そこで新しいSiCパワーMOSFETのモデリング手法では、オフ時の容量に加えて、オン時の容量も測定して考慮することに変更した。オン時の容量の測定はオフ時の容量と異なり、ネットワークアナライザーを使ってSパラメーターを測定することで求める。ただし、測定の際には、SiCパワーMOSFETのゲートとドレインの両方に電圧を印加し、ドレインに2〜3Aの電流を流しながら実行する。この点がオフ時の容量の測定方法と違う(図5)
こうして測定したオン時の容量は、従来のモデリング手法の手順と同じようにモデリングツール(IC-CAP-2022)に入力する。SiCパワーMOSFETのデバイスモデルは数式で表現しており、その数式にはいくつものパラメーターが含まれている(図6)

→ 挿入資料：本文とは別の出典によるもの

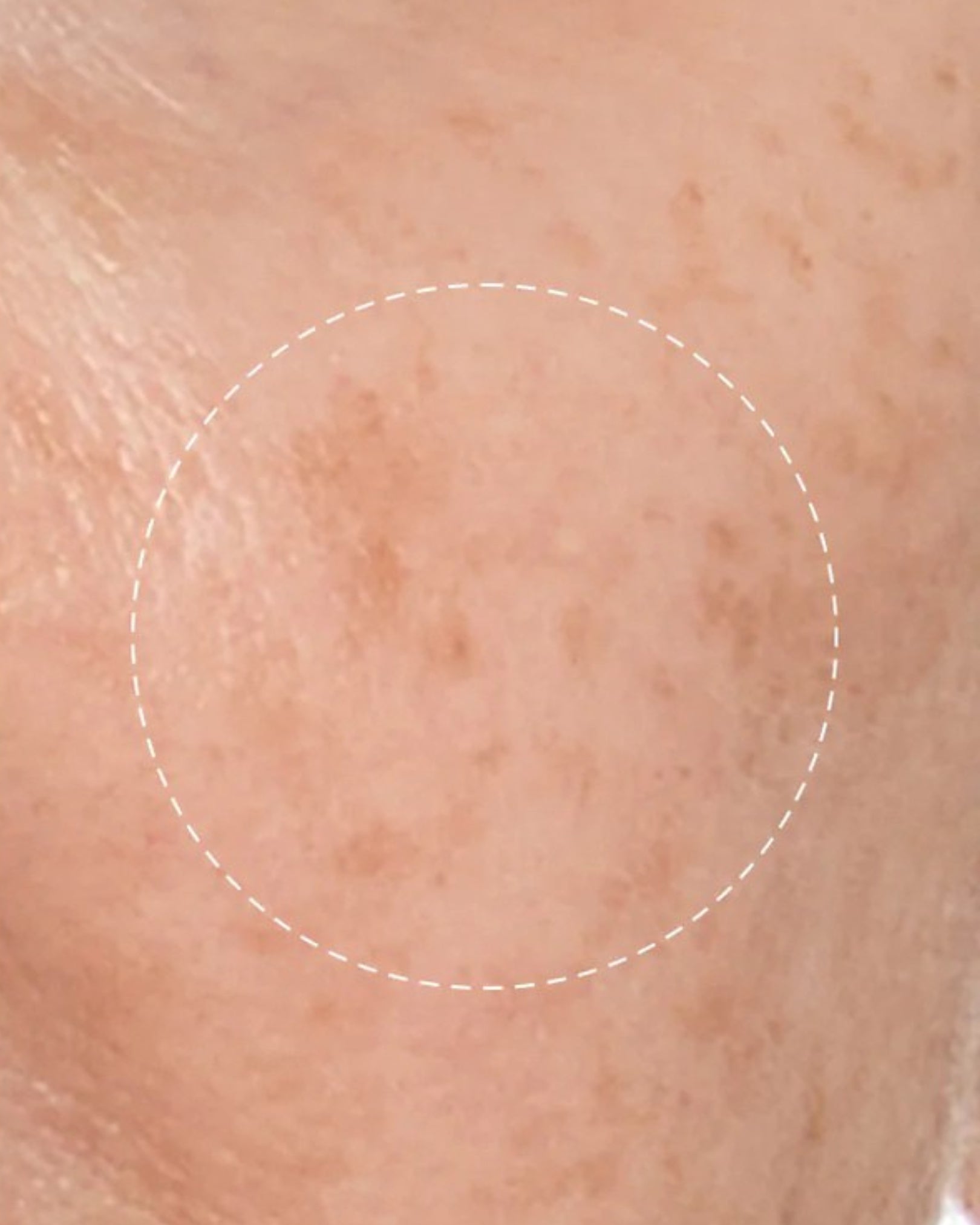 Close-up of skin with a circular mark on a beige background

モデリングツールは、入力されたさまざまな測定結果を基にパラメータを自動的に最適化して出力する。しかし、この段階のパラメーターで構成したデバイスモデルでは、測定結果とシミュレーション結果は完全に一致しない。そこでモデリングツールに用意している「チューニング・バー」を使って、電源回路設計者がパラメーターを微調整する。こうして測定結果とシミュレーション結果を完全に一致するように、デバイスモデルパラメーターを抽出するわけだ。
ただし、このチューニング・バーを使ったパラメーターの微調整作業には注意が必要である。1つの特性を合わせると、ほかの特性がズレてしまうからだ。パラメーターは複数の数式に関与しているケースが多い。このため「あちらを立てれば、こちらが立たない」といった事態を招く。
電源回路設計者の手で微調整したデバイスモデルを使って回路シミュレーションを実行した結果が図7である。スイッチング動作時の電圧波形や電流波形に現れるリンギングやオーバーシュートの大きさや周波数が一致しているほか、従来はズレがかなり大きかったターンオフ時におけるVds(ゲート-ソース間電圧)の降下のタイミングや傾きや、Vds(ドレイン-ソース間電圧)の上昇のタイミングや傾きもほぼ一致している。
このシミュレーション結果を使って、電源回路の変換効率を求めたところ、測定結果とのズレをターンオン時に約15%、ターンオフ時に約5%に抑え込むことに成功した。この程度の差異であれば、SiCパワーMOSFETを採用した実際の電源回路設計に適用することができるだろう。